小蠻狡黠一笑,“微微,你忘啦?我可是在這裏長大的,那群土匪不見得比我更熟悉山路。再說了,我跑得快,你放心。”
“那也不行,那我要跟你一起去。”顧言微仍然不肯鬆口。
小蠻卻一口回絕,“微微,真要遇到山上的土匪,我能跑掉,你可不一定。”
顧言微不再作聲,因為她知道小蠻說得沒錯,但是自己內心又實在放心不下。
小蠻重新背好藥簍,安慰道:“好啦,你看這裏還有一捆草藥,你就照我剛教的方法把它們分好類,我很快就回來。”
“那、那你千萬小心,我就在這裏等你。”顧言微猶豫片刻,最終妥協道。
“知道啦!放心!”
目送小蠻輕快的背影越來越遠,最終化作遠處一個小小的黑點,直至消失在眼前,顧言微這才重新蹲下身,開始整理那堆草藥。
“葉子放這裏。”
“這段壞了,不能用。”
“有點發黃怎麽辦?……先留著,等小蠻回來再問她。”
……
“呼——總算分好了。”顧言微揉了揉有些發酸的脖頸,抬頭才意識到天色已晚。
她望向小蠻離去的方向,山路上依舊空無一人,不見歸影,她的心中不由得有些焦躁。
畢竟她在分草藥時,已經刻意放慢了動作。
按理來說,小蠻早就該回來了。
顧言微環顧四周,心知若是再等下去,天色一暗,這裏連照明的物件都沒有,到時候隻會更麻煩。

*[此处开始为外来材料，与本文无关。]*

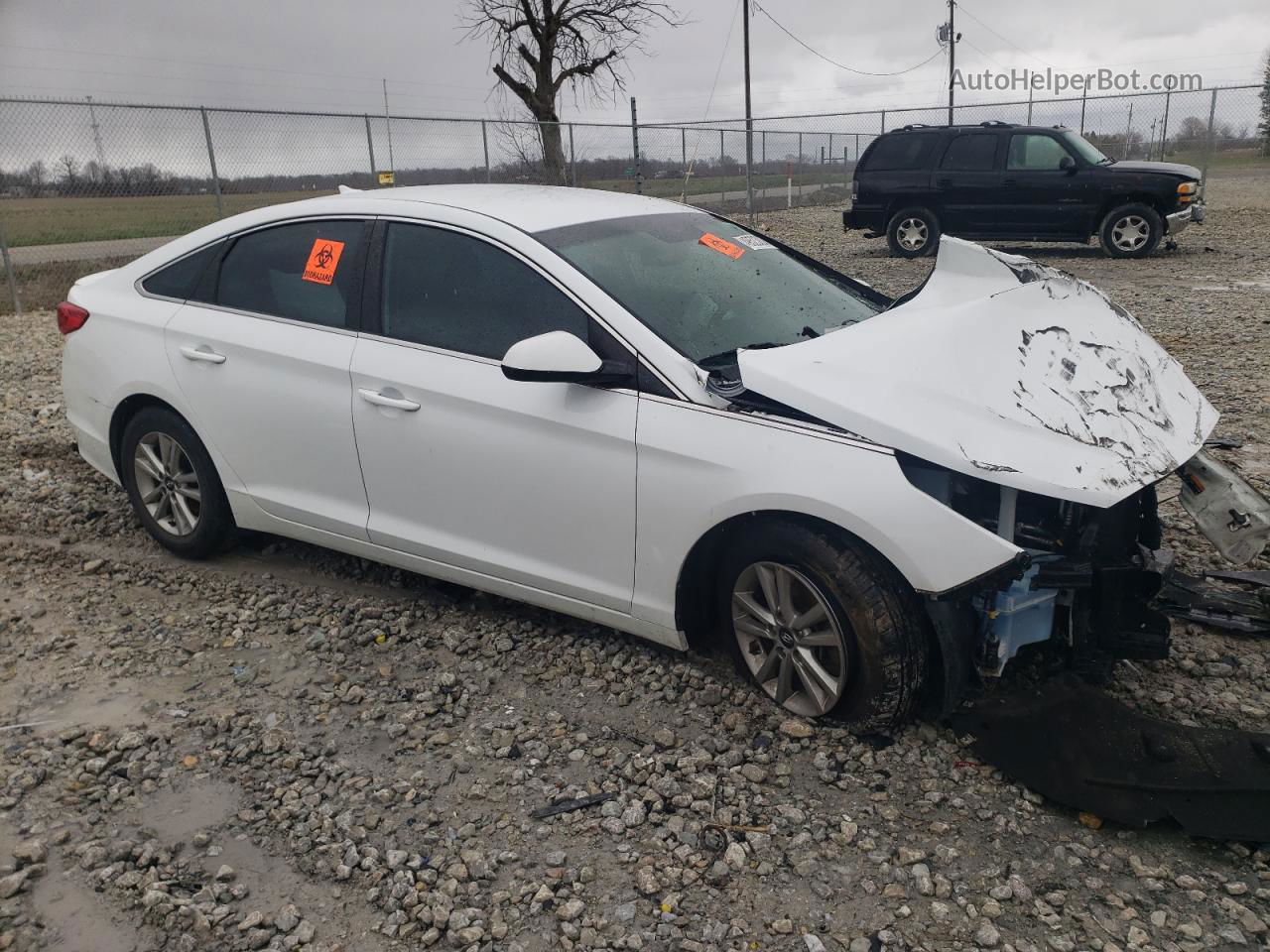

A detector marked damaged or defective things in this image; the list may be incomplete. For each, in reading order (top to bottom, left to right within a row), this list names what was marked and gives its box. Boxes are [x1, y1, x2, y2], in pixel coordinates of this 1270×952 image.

crumpled hood [738, 238, 1214, 506]
crashed front end [734, 238, 1270, 698]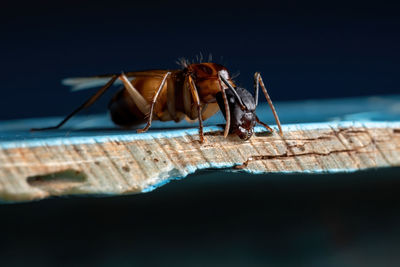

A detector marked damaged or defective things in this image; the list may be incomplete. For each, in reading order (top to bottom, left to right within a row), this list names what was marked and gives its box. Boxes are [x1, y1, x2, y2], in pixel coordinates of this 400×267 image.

splintered wood [0, 124, 400, 202]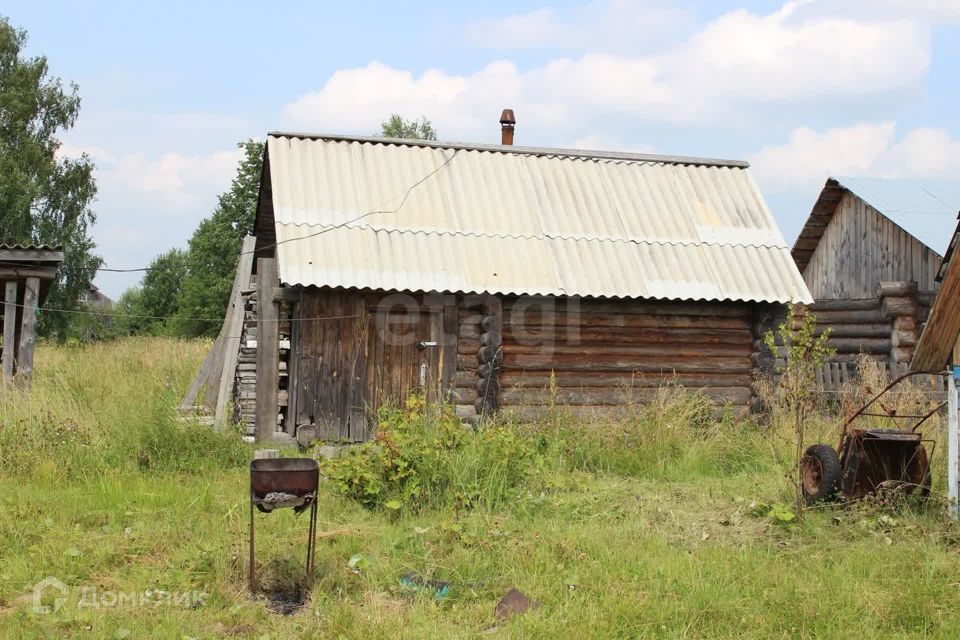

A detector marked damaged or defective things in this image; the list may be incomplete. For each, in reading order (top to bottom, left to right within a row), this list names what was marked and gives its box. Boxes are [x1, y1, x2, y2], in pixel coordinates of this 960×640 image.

她索性站起身,將那些草藥連同藥簍一起藏到一棵樹後,又細心地用幾片寬大的葉子蓋好,免得被人發現撿走。
想到附近或許有土匪,顧言微不敢高聲呼喊小蠻的名字,就連走路都是小心翼翼,生怕踩上落葉的聲響引來旁人。
她沿著小蠻身影消失的方向一路往前摸索,眼見就要走到坡頂,腳下卻忽然被一道軟綿綿的東西絆了一下。
顧言微瞬間僵在原地,大氣都不敢出,她僵硬地慢慢低下頭去。
看清後長舒一口氣,“原來是藤蔓,嚇死我了。”
她彎腰將藤蔓扯開,正要往坡對麵走,不遠處卻傳來一陣窸窸窣窣的動靜。
顧言微心頭一緊,謹慎地再次伏低身子,悄悄朝聲音來源處挪去。
她躲進一叢灌木後,透過枝葉縫隙向外張望。
原來是兩個人在交談,顧言微稍稍鬆了口氣。
不對——
她眯起眼睛再次看去,麵對著自己的那人一臉絡腮鬍子,額間與右臂上都綁著黑布,像是某個組織或者幫派的人。
而背對著自己的那道黑色身影,越看越覺得熟悉。
眼下她不敢繼續向前,也不敢發出半點聲響,隻得小心調整姿勢,找了個稍舒服的位置蹲穩。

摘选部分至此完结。